Il passaggio alla direzione sportiva avvenne in modo quasi naturale: nel 1971 gli strascichi fisici di un incidente mi costrinsero a chiedere a Cesare Fiorio (che allora occupava quel ruolo) di correre un po’ meno. Lui, che era stato appena nominato a capo della direzione marketing, aveva bisogno di qualcuno competente e capace che lo affiancasse per sostituirlo: trovammo quindi un punto di unione tra le due necessità.
Qual è il ricordo più interessante e significativo della tua esperienza in Lancia sia come navigatore che come Direttore Sportivo?
Sicuramente i tre Campionati del Mondo vinti, il primo con la Fulvia nel 72, il più difficile, poi i due con la Stratos, che ha comportato un grande lavoro di sviluppo, messa a punto e organizzativo. Sandro Munari e gli Ingegneri Dallara e Mike Parkes sono stati determinanti per rendere la Stratos imbattibile.

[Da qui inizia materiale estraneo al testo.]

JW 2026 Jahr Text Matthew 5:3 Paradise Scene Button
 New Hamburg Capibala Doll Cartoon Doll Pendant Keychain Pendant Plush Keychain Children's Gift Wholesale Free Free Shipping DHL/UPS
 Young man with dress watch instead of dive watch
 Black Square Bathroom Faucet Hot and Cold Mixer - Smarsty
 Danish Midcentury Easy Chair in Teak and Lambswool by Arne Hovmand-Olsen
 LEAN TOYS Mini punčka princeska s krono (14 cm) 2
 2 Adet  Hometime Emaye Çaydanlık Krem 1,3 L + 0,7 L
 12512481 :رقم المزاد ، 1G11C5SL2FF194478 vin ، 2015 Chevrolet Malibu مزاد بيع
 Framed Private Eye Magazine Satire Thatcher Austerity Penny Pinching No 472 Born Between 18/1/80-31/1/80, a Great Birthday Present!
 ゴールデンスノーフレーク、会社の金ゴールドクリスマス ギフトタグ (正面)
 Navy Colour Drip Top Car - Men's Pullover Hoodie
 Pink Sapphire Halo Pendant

Mentre come navigatore il mio ricordo più caro è quello di aver “accompagnato” Munari alla vittoria al Rally delle Alpi Orientali, al suo ritorno alle gare, dopo il terribile incidente nel Rally di Montecarlo, dove perse la vita il suo navigatore Lombardini.
Dal mondo dei Rally alla F1 il passaggio non deve essere stato semplice. Ci racconti come avvenne?
Il Commendator Ferrari mi cercò sin dal 1973, ma la Direzione Lancia pose il veto, fino a quando non mi lasciarono “in prestito” per sostituire alla Direzione Sportiva Montezemolo, che nel frattempo era stato promosso Direttore delle Relazioni Esterne di tutto il gruppo Fiat. Il 1976 a Maranello fu un anno complicato: oltre alla difficile gestione di due piloti come Regazzoni e Lauda, ci fu il terribile incidente di Niki al Nürburgring che compromise la stagione; perdemmo il mondiale piloti per un punto, ma vincemmo il Campionato Marche. Lavorare per il Commendatore è stata un’esperienza speciale e anche la vicinanza a quel genio di Forghieri lasciò il segno: quando lavori per la Ferrari, ti porti il Cavallino nel cuore per tutta la vita.
Già perché poco dopo ti rivollero a Torino…
In effetti nel 1977, con il lancio commerciale della nuova 131, fui richiamato a Torino come responsabile sportivo dell'attività Fiat-Abarth, con il preciso compito di vincere il Campionato Mondiale Rally. Ottenni questo risultato al "primo colpo", grazie ad una vettura fantastica, la 131 Rally, messa a punto dall'Abarth, sotto la supervisione di Giorgio Pianta, un team di meccanici eccezionale e con piloti tra i migliori del mondo. Nel 1977 Fiat e Lancia avevano ancora due reparti corse separati e autonomi, che poi vennero unificati nel 1978 nell'Ente ASA (Attività Sportive Automobilistiche).
Le tre vittorie nel Campionato Mondiale Rally con una vettura come la 131, concepita come una vettura “da famiglia”, e trasformata in auto da Rally vincente, mi hanno dato molte soddisfazioni.
Hai lavorato per lungo tempo nel mondo della Formula 1. Quali ricordi hai di quel periodo e cosa pensi della Formula 1 di oggi?
Ho vissuto sia il periodo ancora “romantico” della F1, con tecnologie e mezzi molto inferiori a quelli di oggi, con i piloti veri “Cavalieri del rischio”, con auto molto pericolose, sia il periodo dell’alta tecnologia e della super-sicurezza. Ebbene, debbo dire che nel primo periodo c’era più passione, e i piloti contavano di più, potevi vincere con un mezzo inferiore; oggi , anche se sei bravissimo, senza un mezzo competitivo, non puoi fare molto, guardate l’esempio di Alonso. Poi c’è troppa tecnologia, i piloti sembrano telecomandati dai box, quasi conta di più l’ingegnere, lo stratega, che non il pilota, e questo non è giusto, perché penso che anche i piloti bravi vorrebbero più autonomia, e si divertirebbero e farebbero divertire di più.